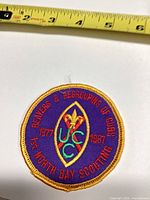 Front view of round embroidered patch showing full design and ruler indicating size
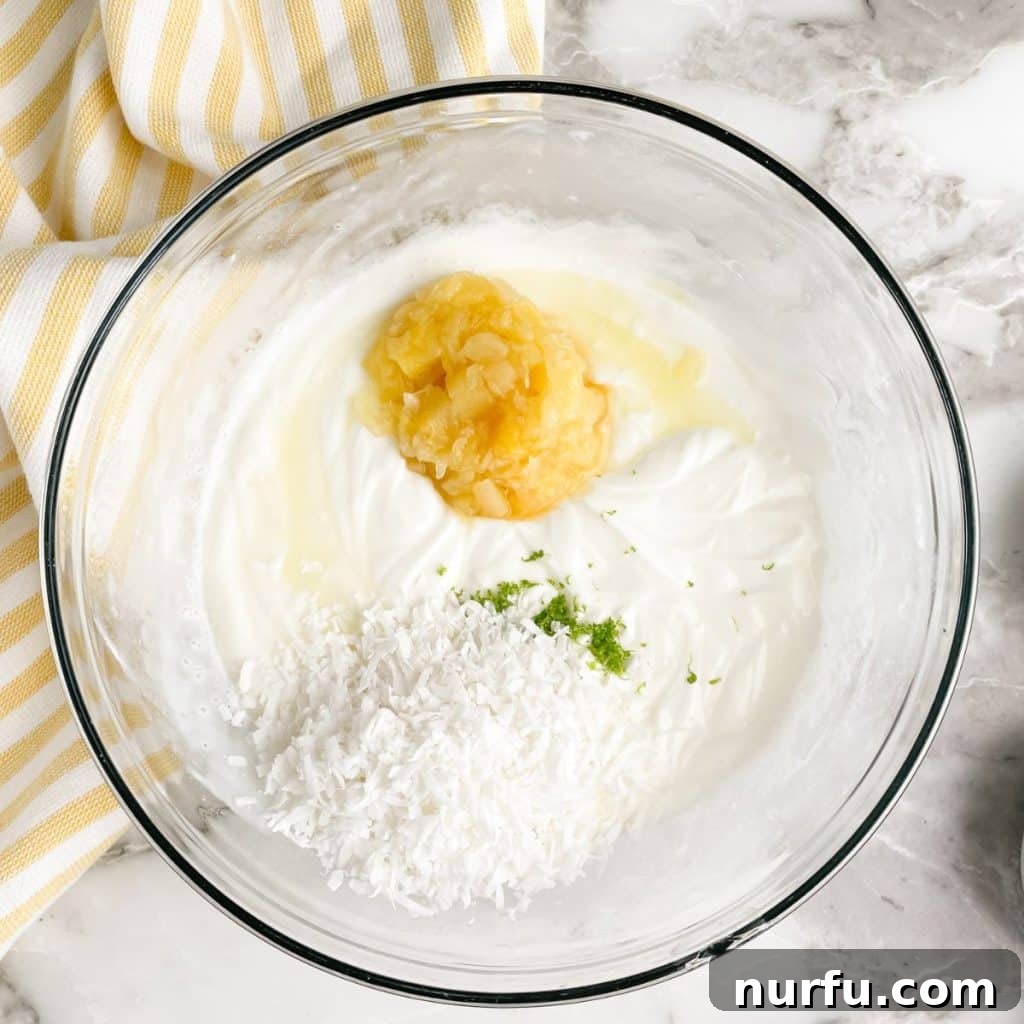 Bowl of creamy sauce with crushed pineapple, shredded coconut, and lime zest.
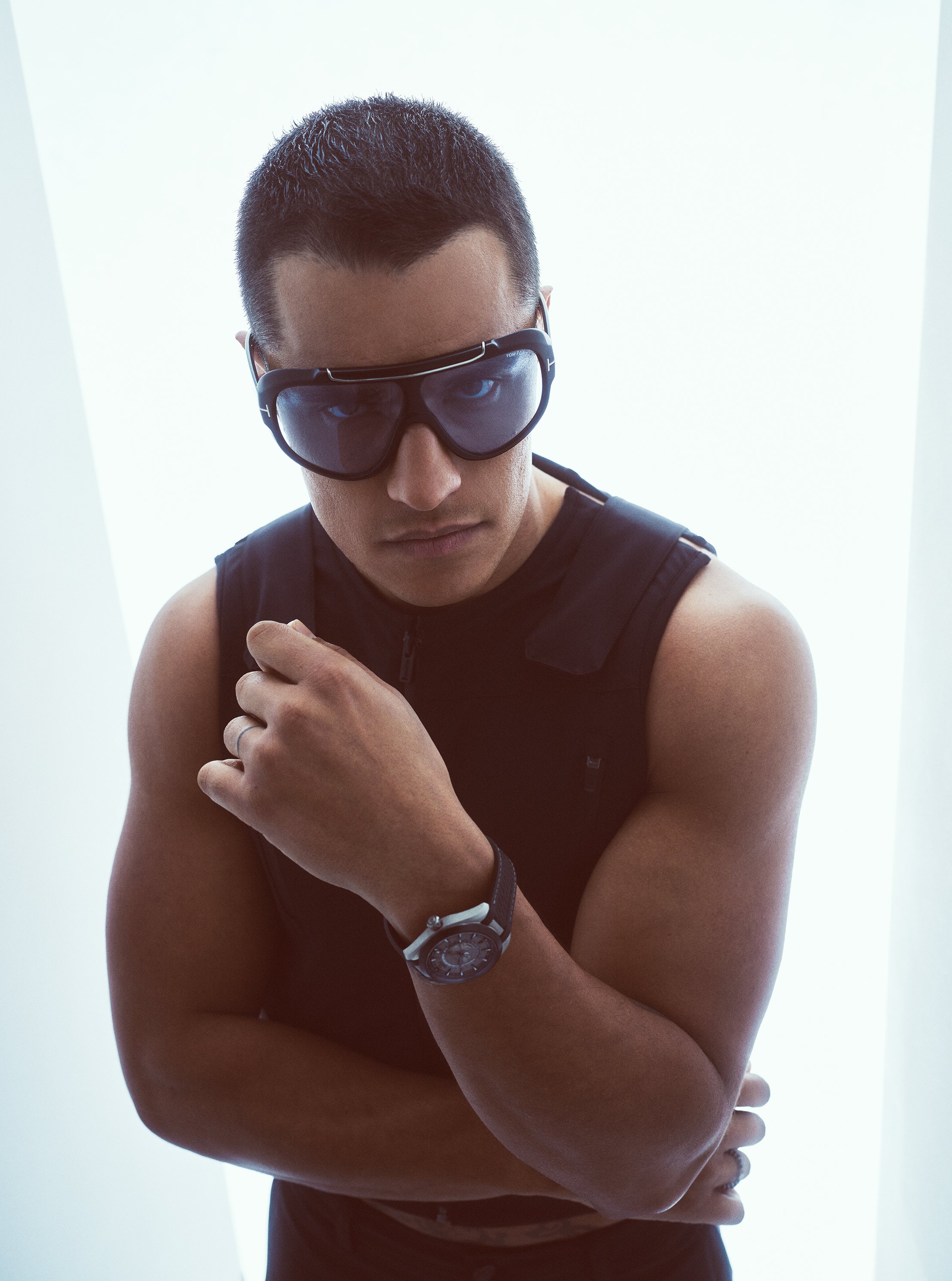 Portrait of an adult male wearing sunglasses and a black sleeveless shirt in a brightly lit studio setting, showcasing a serious facial expression.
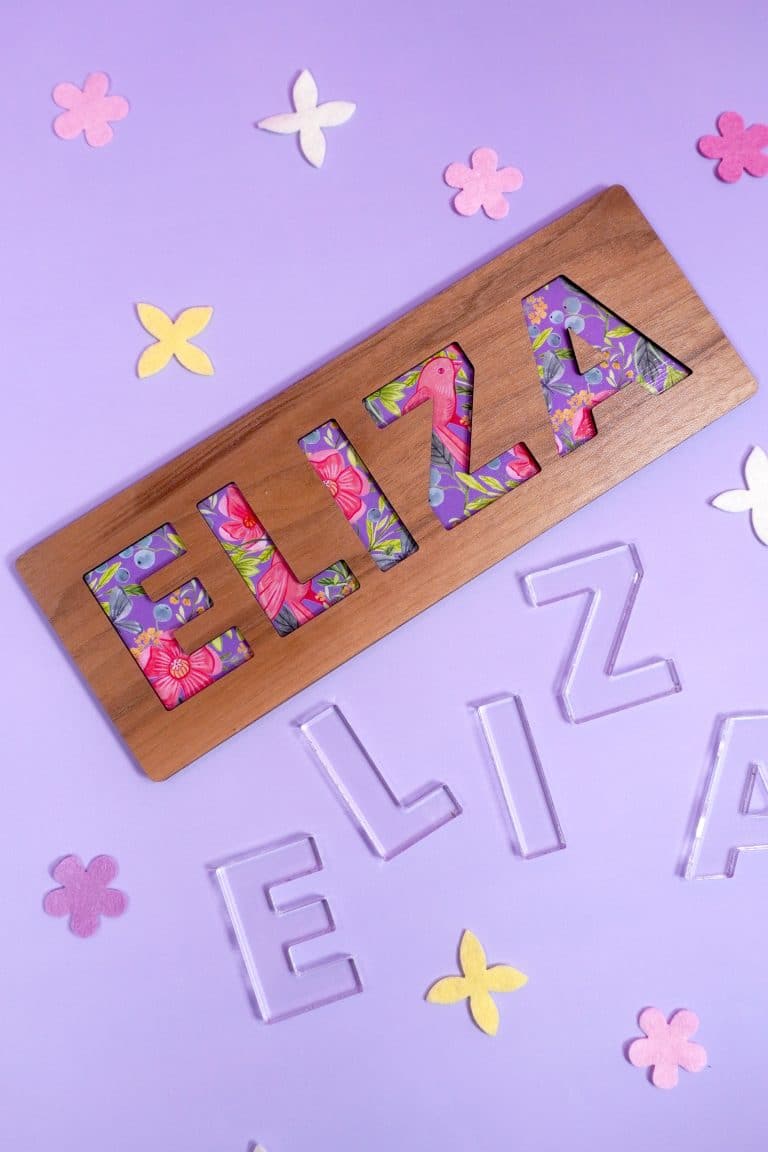 "Eliza" name puzzle on purple background with clear E-L-I-Z-A acrylic puzzle pieces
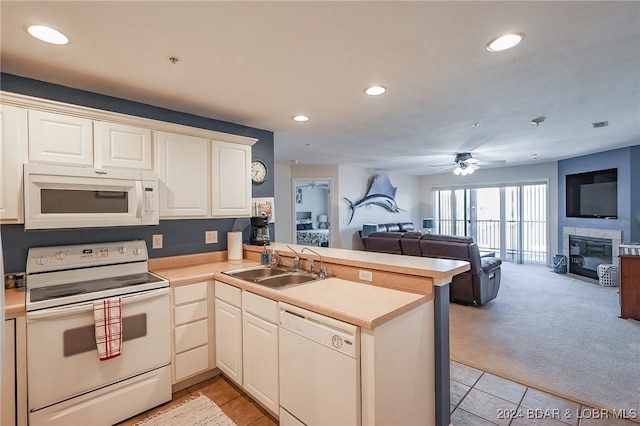 kitchen with sink, kitchen peninsula, light colored carpet, white appliances, and ceiling fan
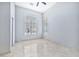 Tile bedroom with large windows and a closet at 3138 W Ravina Ln, Anthem, AZ 85086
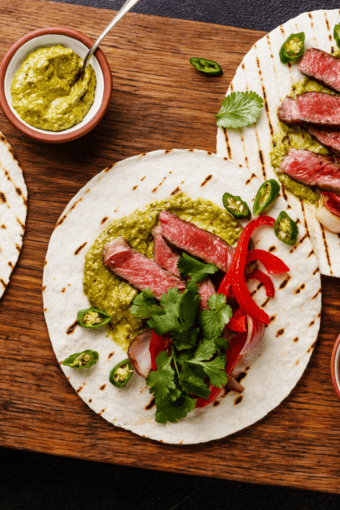 close up of flank steak tacos on a cutting board with some garnishes on the side.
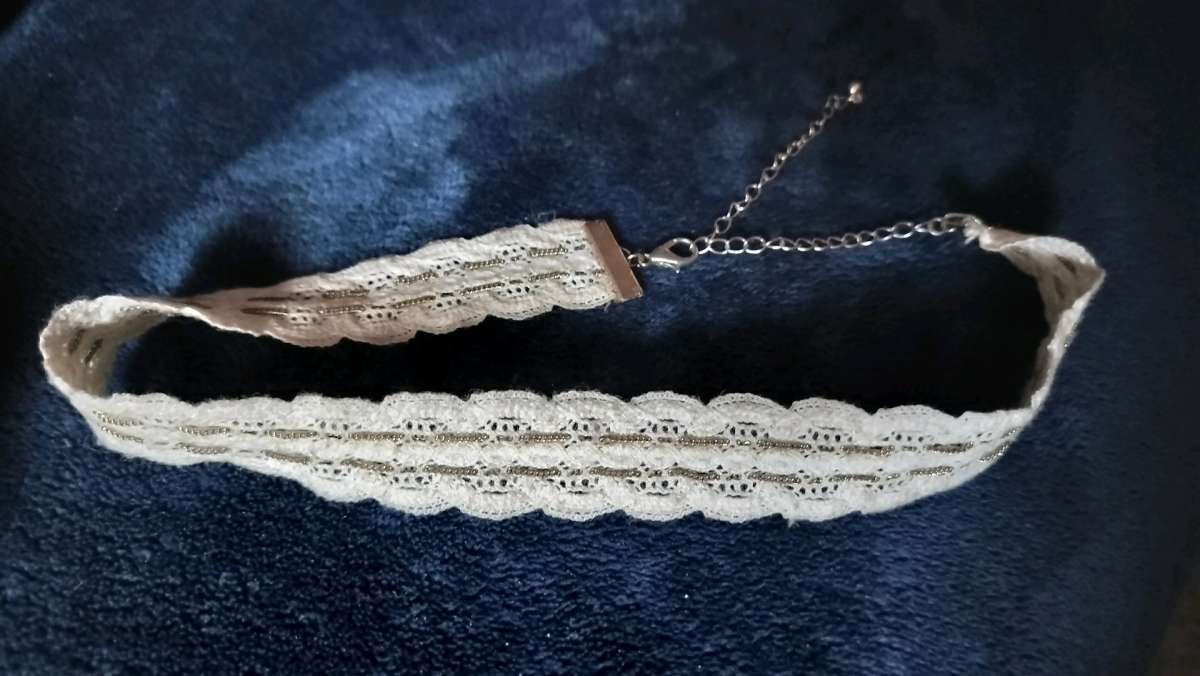 Two choker necklaces and a silver bracelet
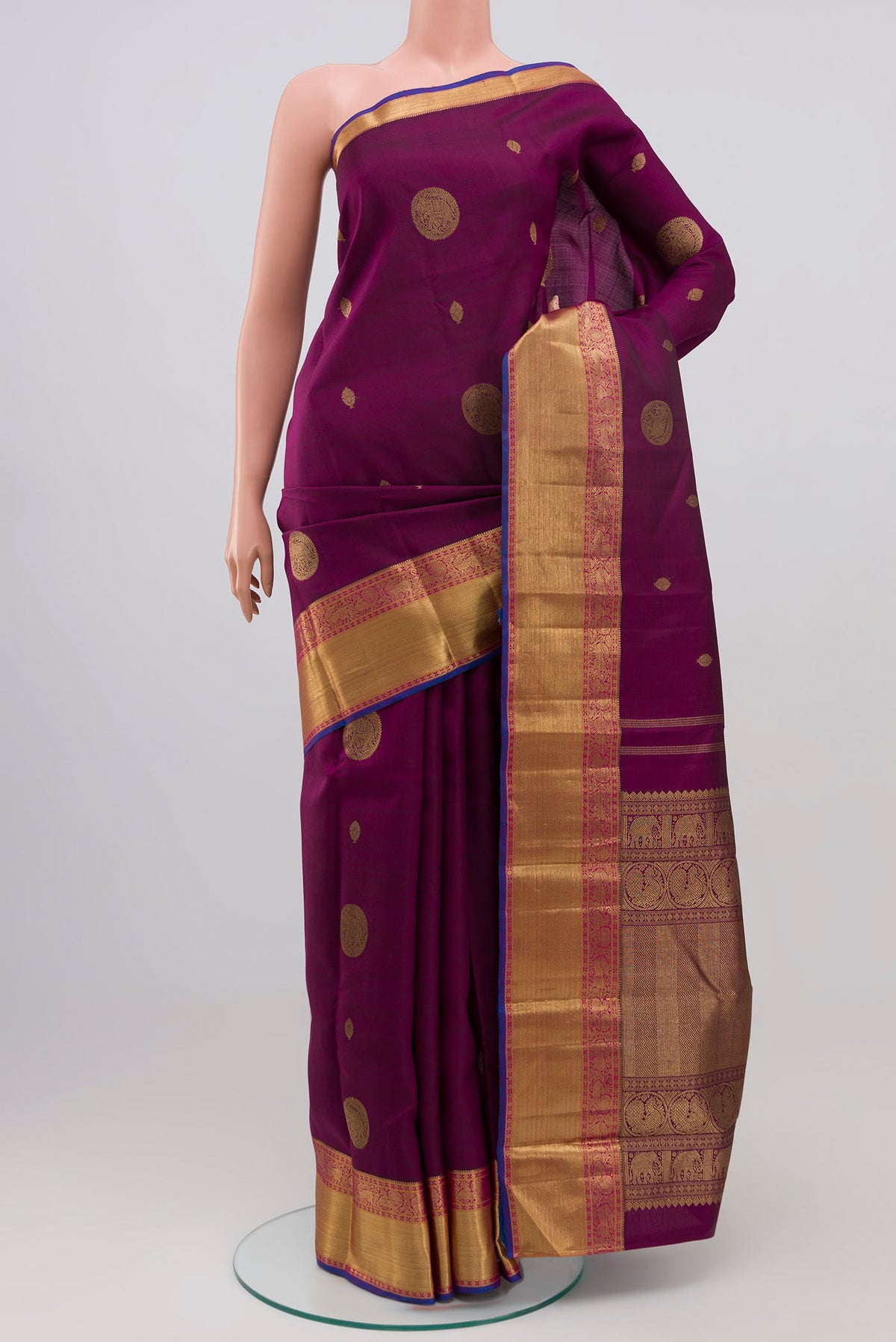 Pure Silk Pure Zari Purple Kanchipuram Saree with Zari Butta on the body and Zari Border.  displayed on a mannequin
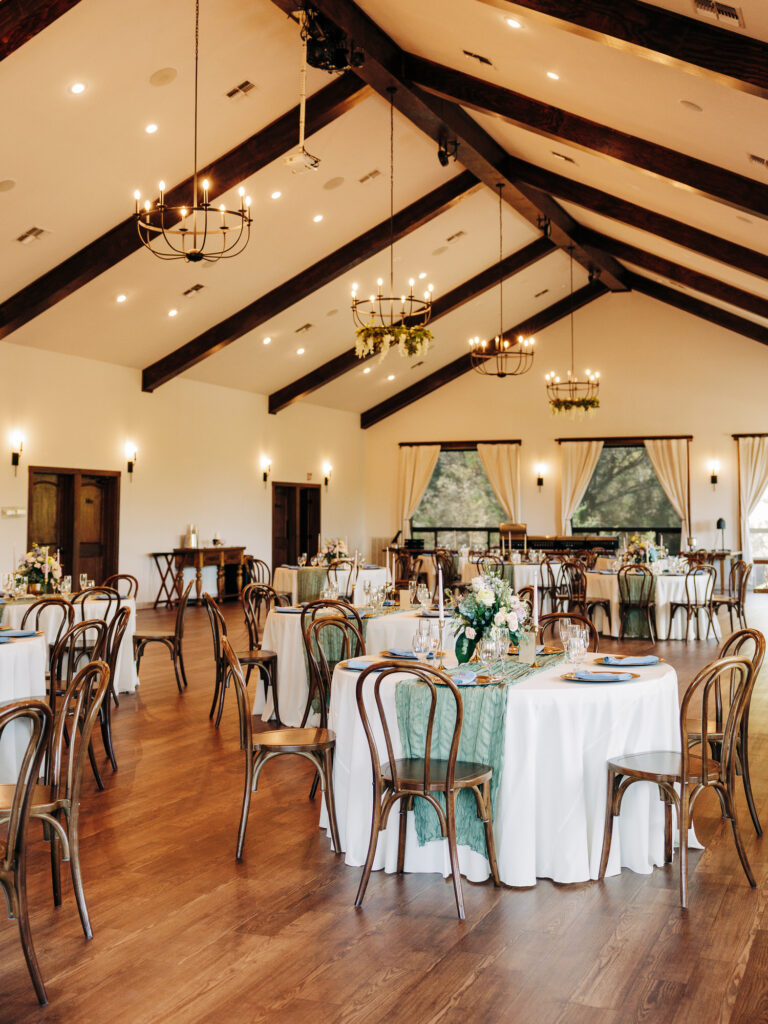 Elegant banquet hall with wooden floors, round tables covered in white cloths, green table runners, and floral centerpieces. Wooden chairs surround the tables, and large windows with curtains let in natural light. Chandeliers hang from ceiling.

########################################

Task item: Give an exact copy of the listing above that leaves out every picture.

Solution for this task:
 Front view of round embroidered patch showing full design and ruler indicating size
 Bowl of creamy sauce with crushed pineapple, shredded coconut, and lime zest.
 Portrait of an adult male wearing sunglasses and a black sleeveless shirt in a brightly lit studio setting, showcasing a serious facial expression.
 "Eliza" name puzzle on purple background with clear E-L-I-Z-A acrylic puzzle pieces
 kitchen with sink, kitchen peninsula, light colored carpet, white appliances, and ceiling fan
 Tile bedroom with large windows and a closet at 3138 W Ravina Ln, Anthem, AZ 85086
 close up of flank steak tacos on a cutting board with some garnishes on the side.
 Two choker necklaces and a silver bracelet
 Pure Silk Pure Zari Purple Kanchipuram Saree with Zari Butta on the body and Zari Border.  displayed on a mannequin
 Elegant banquet hall with wooden floors, round tables covered in white cloths, green table runners, and floral centerpieces. Wooden chairs surround the tables, and large windows with curtains let in natural light. Chandeliers hang from ceiling.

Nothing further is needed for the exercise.